Problem | Transcribe exactly every line from the one containing "Та ещё нервотрёпка!" down to the final line of the listing below, including both, and leave out the rest.

============================================================

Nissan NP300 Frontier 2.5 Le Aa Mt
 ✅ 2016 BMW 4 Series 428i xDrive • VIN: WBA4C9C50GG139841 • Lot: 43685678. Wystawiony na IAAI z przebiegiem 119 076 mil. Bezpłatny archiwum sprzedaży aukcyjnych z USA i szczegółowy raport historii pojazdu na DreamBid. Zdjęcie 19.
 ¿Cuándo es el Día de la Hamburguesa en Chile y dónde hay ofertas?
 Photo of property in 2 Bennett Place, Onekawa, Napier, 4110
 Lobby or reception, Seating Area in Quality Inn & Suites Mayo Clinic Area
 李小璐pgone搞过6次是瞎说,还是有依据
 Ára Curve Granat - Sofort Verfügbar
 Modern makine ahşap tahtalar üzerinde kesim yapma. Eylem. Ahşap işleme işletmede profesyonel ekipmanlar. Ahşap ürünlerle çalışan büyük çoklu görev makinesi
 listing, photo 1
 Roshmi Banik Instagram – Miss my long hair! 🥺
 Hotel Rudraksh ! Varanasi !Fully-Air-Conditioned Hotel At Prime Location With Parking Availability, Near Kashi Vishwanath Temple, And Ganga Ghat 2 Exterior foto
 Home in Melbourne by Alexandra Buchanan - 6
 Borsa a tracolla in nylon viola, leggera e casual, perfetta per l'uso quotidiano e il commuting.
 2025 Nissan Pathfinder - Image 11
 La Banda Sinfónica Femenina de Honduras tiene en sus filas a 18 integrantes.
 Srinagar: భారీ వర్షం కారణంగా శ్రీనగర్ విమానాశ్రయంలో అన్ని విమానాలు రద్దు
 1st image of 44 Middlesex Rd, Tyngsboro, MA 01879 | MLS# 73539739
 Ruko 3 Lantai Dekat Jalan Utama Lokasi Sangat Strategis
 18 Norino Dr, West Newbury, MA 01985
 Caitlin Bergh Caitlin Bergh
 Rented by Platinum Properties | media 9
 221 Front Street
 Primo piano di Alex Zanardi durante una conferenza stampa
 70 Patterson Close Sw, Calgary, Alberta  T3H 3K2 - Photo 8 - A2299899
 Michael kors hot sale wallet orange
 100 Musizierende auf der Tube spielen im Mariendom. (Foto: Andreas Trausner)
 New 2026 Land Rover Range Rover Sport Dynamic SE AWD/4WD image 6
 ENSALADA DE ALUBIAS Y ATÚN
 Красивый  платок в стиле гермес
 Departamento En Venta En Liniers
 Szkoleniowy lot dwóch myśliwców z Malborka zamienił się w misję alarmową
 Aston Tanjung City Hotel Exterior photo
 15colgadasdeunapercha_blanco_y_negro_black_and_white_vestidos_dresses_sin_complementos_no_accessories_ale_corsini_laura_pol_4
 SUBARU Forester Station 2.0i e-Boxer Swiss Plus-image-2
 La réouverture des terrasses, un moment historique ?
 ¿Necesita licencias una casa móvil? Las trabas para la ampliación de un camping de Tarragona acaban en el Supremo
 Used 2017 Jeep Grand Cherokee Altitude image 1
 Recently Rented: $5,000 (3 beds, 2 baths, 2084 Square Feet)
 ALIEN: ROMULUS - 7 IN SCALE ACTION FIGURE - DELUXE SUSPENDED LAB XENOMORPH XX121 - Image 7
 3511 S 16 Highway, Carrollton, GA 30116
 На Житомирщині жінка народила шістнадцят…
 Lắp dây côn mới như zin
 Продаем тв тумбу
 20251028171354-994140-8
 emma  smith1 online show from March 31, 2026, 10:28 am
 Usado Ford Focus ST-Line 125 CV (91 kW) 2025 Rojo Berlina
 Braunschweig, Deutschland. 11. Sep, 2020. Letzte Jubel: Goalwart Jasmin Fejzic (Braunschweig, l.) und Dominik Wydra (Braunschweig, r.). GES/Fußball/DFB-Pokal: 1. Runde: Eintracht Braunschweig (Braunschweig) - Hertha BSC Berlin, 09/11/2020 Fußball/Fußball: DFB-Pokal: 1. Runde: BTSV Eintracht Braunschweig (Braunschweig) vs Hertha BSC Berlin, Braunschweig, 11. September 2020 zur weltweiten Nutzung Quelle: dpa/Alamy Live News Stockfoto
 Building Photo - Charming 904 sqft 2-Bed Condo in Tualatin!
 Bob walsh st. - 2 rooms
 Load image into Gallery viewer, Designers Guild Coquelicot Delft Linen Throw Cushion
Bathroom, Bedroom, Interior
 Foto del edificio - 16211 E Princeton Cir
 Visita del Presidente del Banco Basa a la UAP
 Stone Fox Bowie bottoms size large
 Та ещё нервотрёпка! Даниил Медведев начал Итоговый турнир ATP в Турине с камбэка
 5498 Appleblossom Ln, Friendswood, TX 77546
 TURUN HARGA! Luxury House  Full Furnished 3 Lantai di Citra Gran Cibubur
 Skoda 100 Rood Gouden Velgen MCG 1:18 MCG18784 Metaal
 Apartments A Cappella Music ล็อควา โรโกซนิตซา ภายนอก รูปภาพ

============================================================

Response area |
 Та ещё нервотрёпка! Даниил Медведев начал Итоговый турнир ATP в Турине с камбэка
 5498 Appleblossom Ln, Friendswood, TX 77546
 TURUN HARGA! Luxury House  Full Furnished 3 Lantai di Citra Gran Cibubur
 Skoda 100 Rood Gouden Velgen MCG 1:18 MCG18784 Metaal
 Apartments A Cappella Music ล็อควา โรโกซนิตซา ภายนอก รูปภาพ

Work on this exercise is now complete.